MEDIA DIALOG NEWS, Jambi – Ribuan petani dari lima kabupaten di Provinsi Jambi menggelar aksi damai bertajuk “Rembuk Tani” sebagai respons terhadap kebijakan penertiban kawasan hutan oleh pemerintah pusat melalui Satuan Tugas Penertiban Kawasan Hutan (Satgas PKH). Aksi ini dipusatkan di kawasan strategis ibu kota provinsi dan diikuti berbagai elemen masyarakat sipil, Senin (4/8/2025).
Aksi tersebut digalang oleh Aliansi Petani Jambi Menggugat, yang terdiri dari WALHI Jambi, Konsorsium Pembaruan Agraria (KPA) Jambi, Yayasan CAPPA, Perkumpulan Hijau, Aliansi Jurnalis Independen (AJI) Kota Jambi, Persatuan Petani Jambi, dan Serikat Tani Tebo. Mereka menyatakan bahwa kebijakan berbasis Peraturan Presiden (Perpres) No. 5 Tahun 2025 telah menimbulkan kekhawatiran mendalam bagi petani dan masyarakat adat.
“Penertiban kawasan hutan tidak bisa hanya didekati secara legal formal. Ini menyangkut kehidupan masyarakat yang telah menjaga hutan jauh sebelum negara hadir,” ujar juru bicara aliansi dalam pernyataan sikapnya.
Aliansi menilai, pelaksanaan Satgas PKH telah mengabaikan prinsip keadilan ekologis dan hak-hak dasar petani. Penertiban yang menyasar masyarakat adat dan petani lokal justru berpotensi memperkuat dominasi korporasi dan menambah deretan konflik agraria yang belum terselesaikan.
Oscar Anugrah, Direktur WALHI Jambi, menyebut Perpres No. 5 Tahun 2025 sebagai ancaman serius terhadap keberlanjutan wilayah kelola rakyat.

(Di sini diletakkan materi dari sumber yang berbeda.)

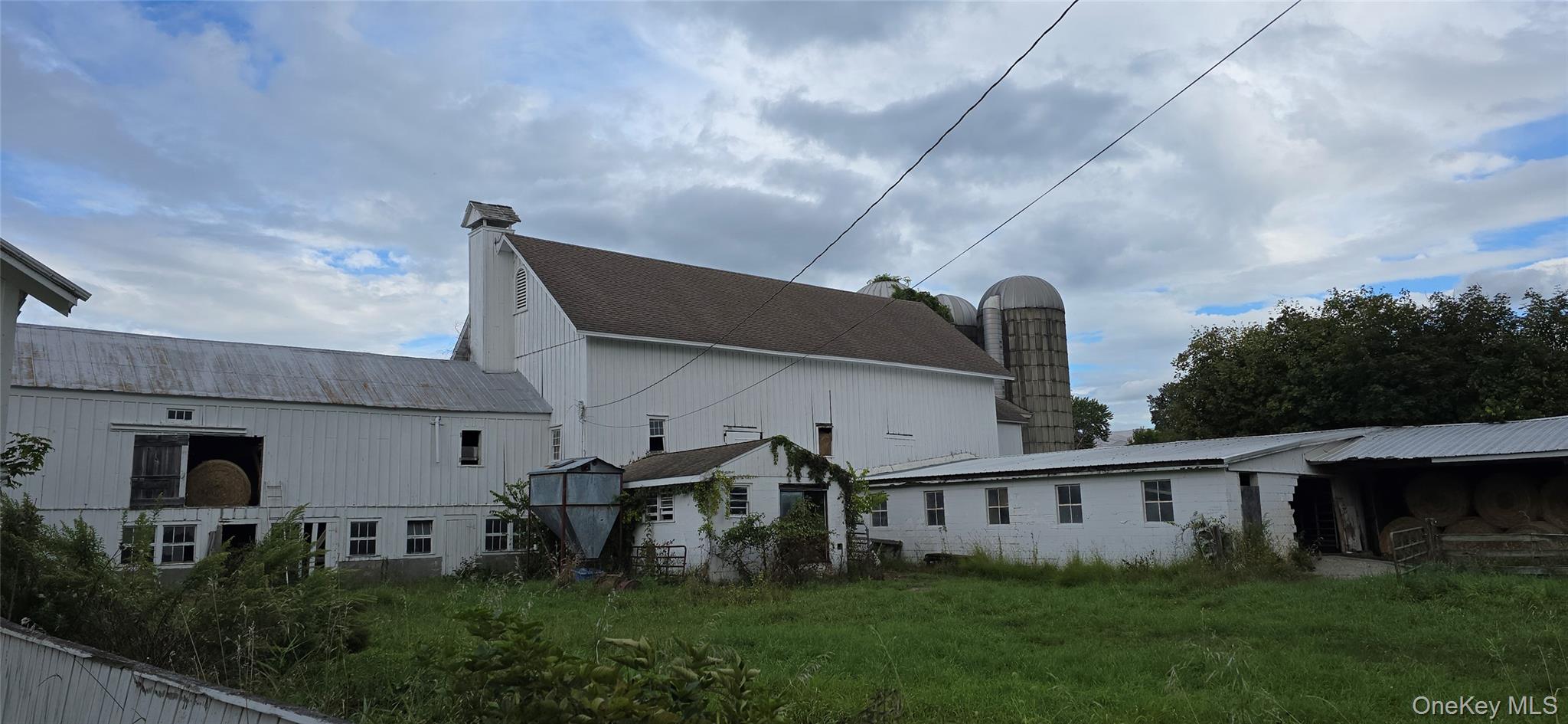 1198 82 Route Property Photo 11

“Kalau implementasi Perpres ini hanya berorientasi pada pendekatan legal dan administratif, maka masyarakat yang hidup selaras dengan hutan akan menjadi korban. Pemerintah wajib membuka ruang dialog dan mendengarkan suara petani,” ujarnya.
Hal senada disampaikan oleh Frandody, Koordinator Wilayah KPA Jambi, yang menyoroti praktik sepihak dalam penetapan kawasan hutan. Menurutnya, banyak tanah garapan petani, permukiman warga, dan desa definitif di Jambi yang diklaim sebagai kawasan hutan tanpa proses verifikasi yang adil.
“Sampai hari ini, pemerintah belum pernah secara transparan membuka data lokasi mana saja yang akan ditertibkan. Jangan sampai Satgas PKH justru menyasar warga yang lahannya dicaplok oleh klaim kawasan atau HTI korporasi,” tegasnya.
Sementara itu, M. Yasir, jenderal lapangan aksi, mengingatkan bahwa petani telah menjadi korban konflik agraria selama puluhan tahun akibat praktik perampasan tanah oleh perusahaan.
“Daripada membuat kebijakan baru yang memperkeruh situasi, pemerintah seharusnya menuntaskan konflik lama dan menjalankan Reforma Agraria Sejati secara menyeluruh dan berkeadilan,” tegas Yasir.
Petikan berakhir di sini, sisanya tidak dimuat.